> Work order
The answer must consist solely of the lines from the one containing "LinkedIn userà i dati degli utenti" through the last line of the records below, repeated exactly, with all pictures omitted.

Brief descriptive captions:
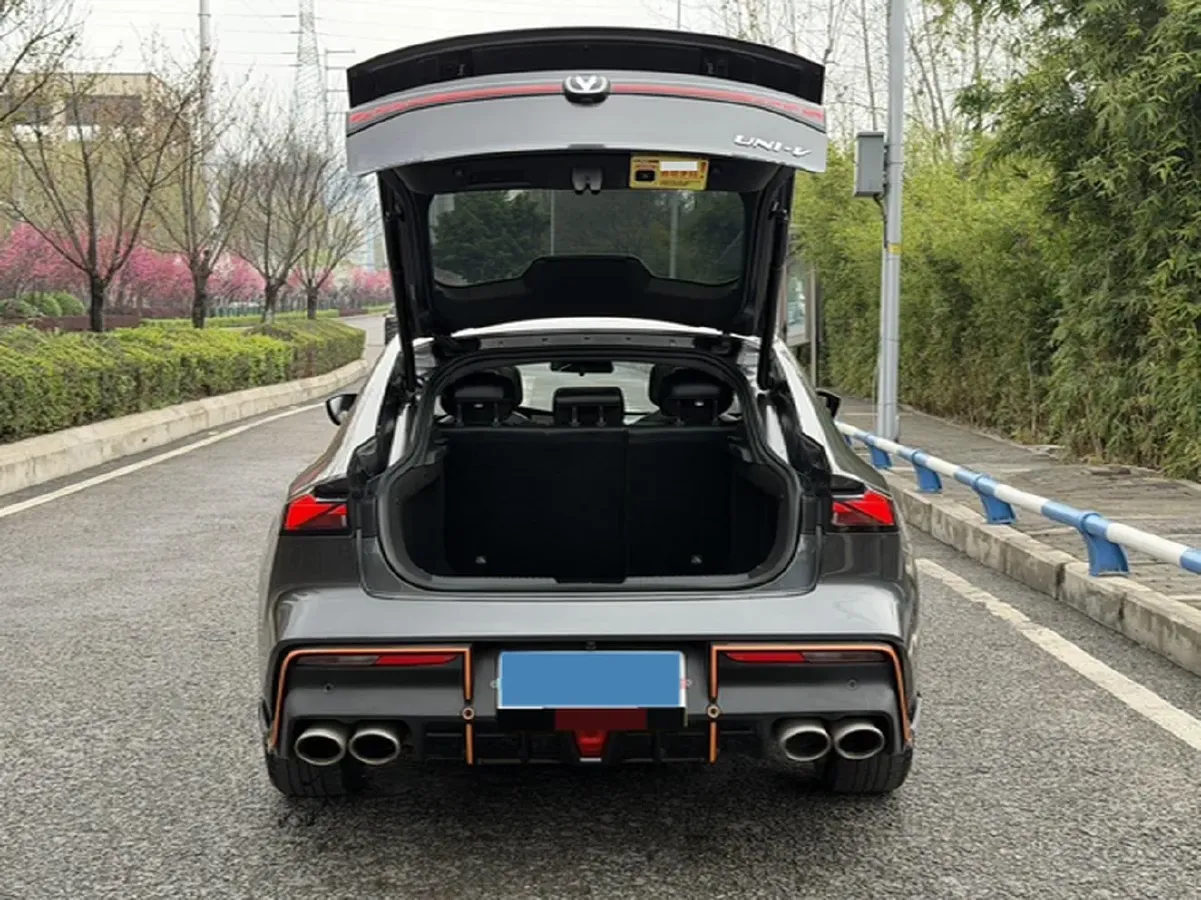 2022 ChangAn UNI-V 1.5T 188HP L4 7DCT,autocango,china used car exporter,china ev exporter,chinese used car exporter,chinese used ev exporter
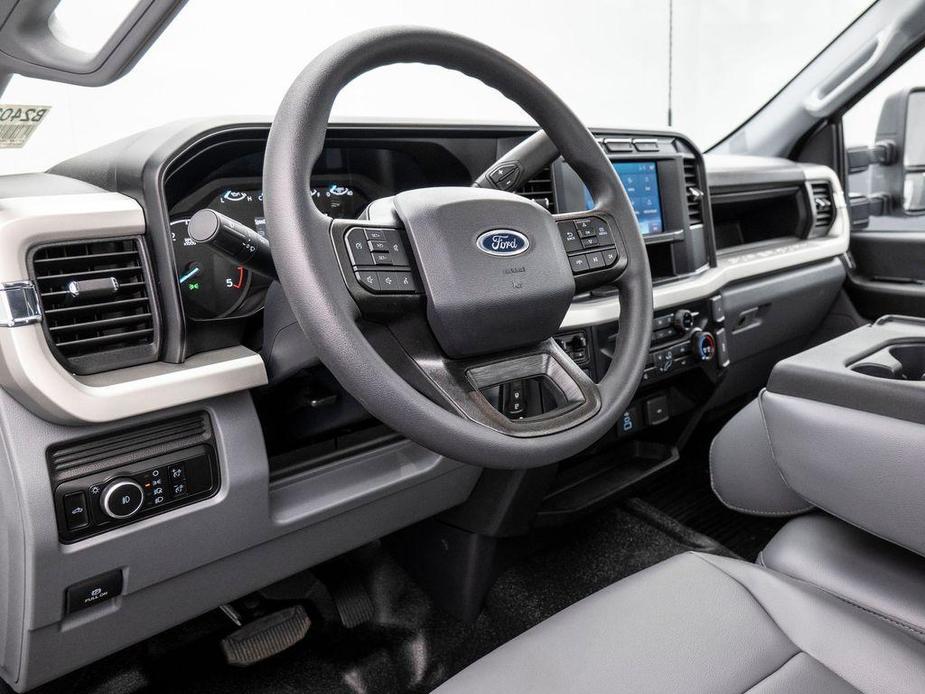 new 2024 Ford F-350 car, priced at $58,230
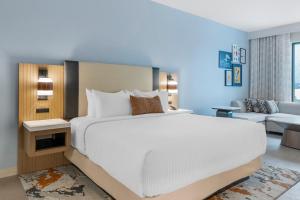 Postel nebo postele na pokoji v ubytování Cambria Hotel Austin Downtown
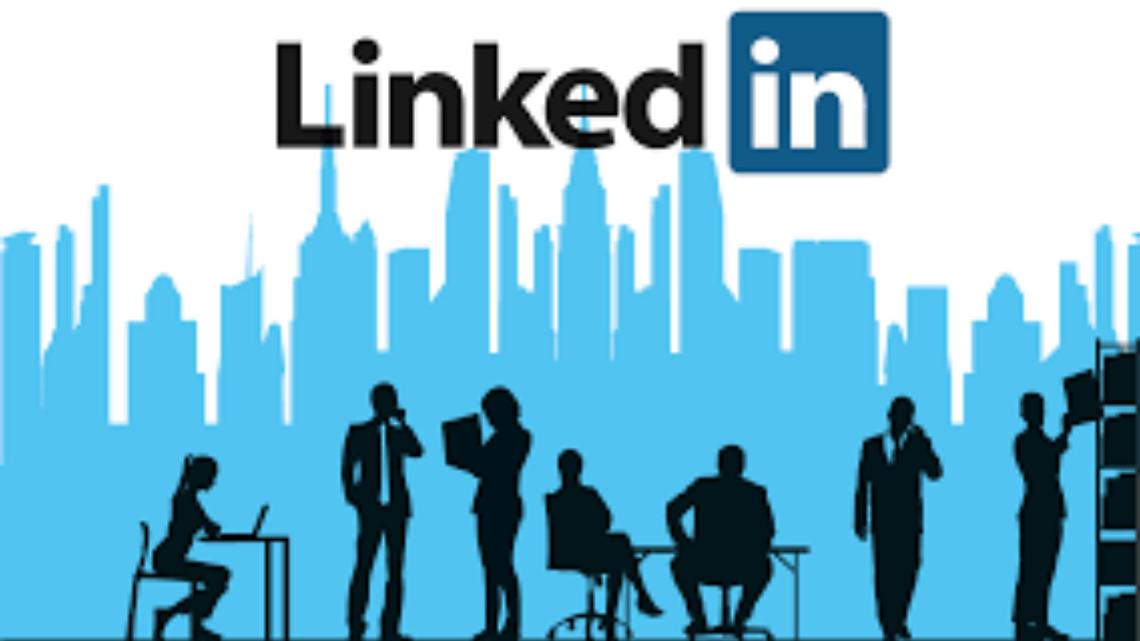 LinkedIn userà i dati degli utenti 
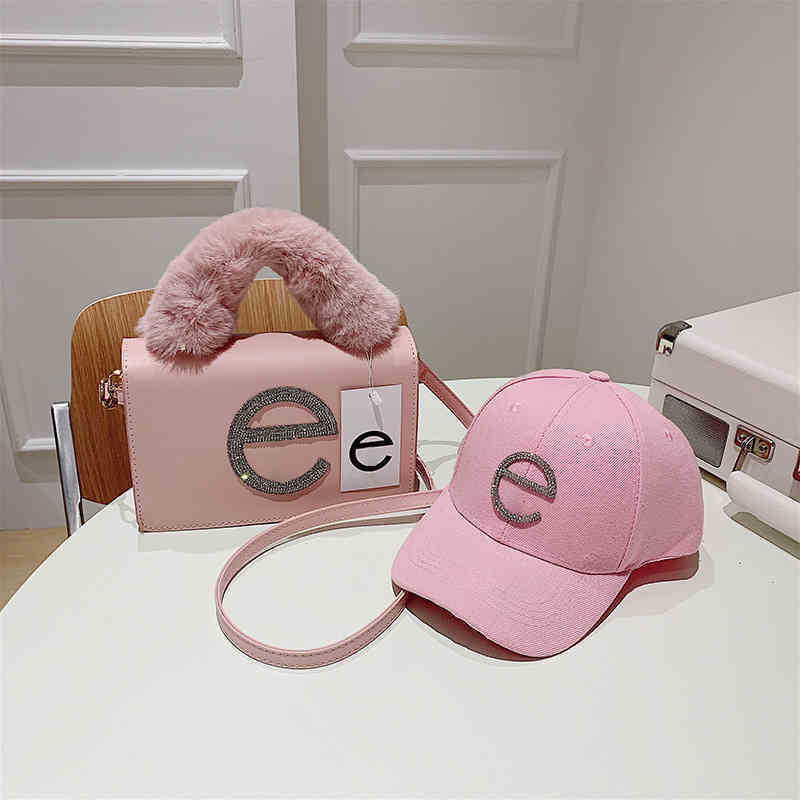 Totes Te Designers Tote Bags Leather Handbag Winter Designers bags Hairy Trend Candy Color Square Shoulderbag Women Diamond Studded Letter Crossbody Bag 220915, Red
Totes Te Designers Tote Bags Leather Handbag Winter Designers bags Hairy Trend Candy Color Square Shoulderbag Women Diamond Studded Letter Crossbody Bag 220915, Red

> Exercise answer
 LinkedIn userà i dati degli utenti 
 Totes Te Designers Tote Bags Leather Handbag Winter Designers bags Hairy Trend Candy Color Square Shoulderbag Women Diamond Studded Letter Crossbody Bag 220915, Red
Totes Te Designers Tote Bags Leather Handbag Winter Designers bags Hairy Trend Candy Color Square Shoulderbag Women Diamond Studded Letter Crossbody Bag 220915, Red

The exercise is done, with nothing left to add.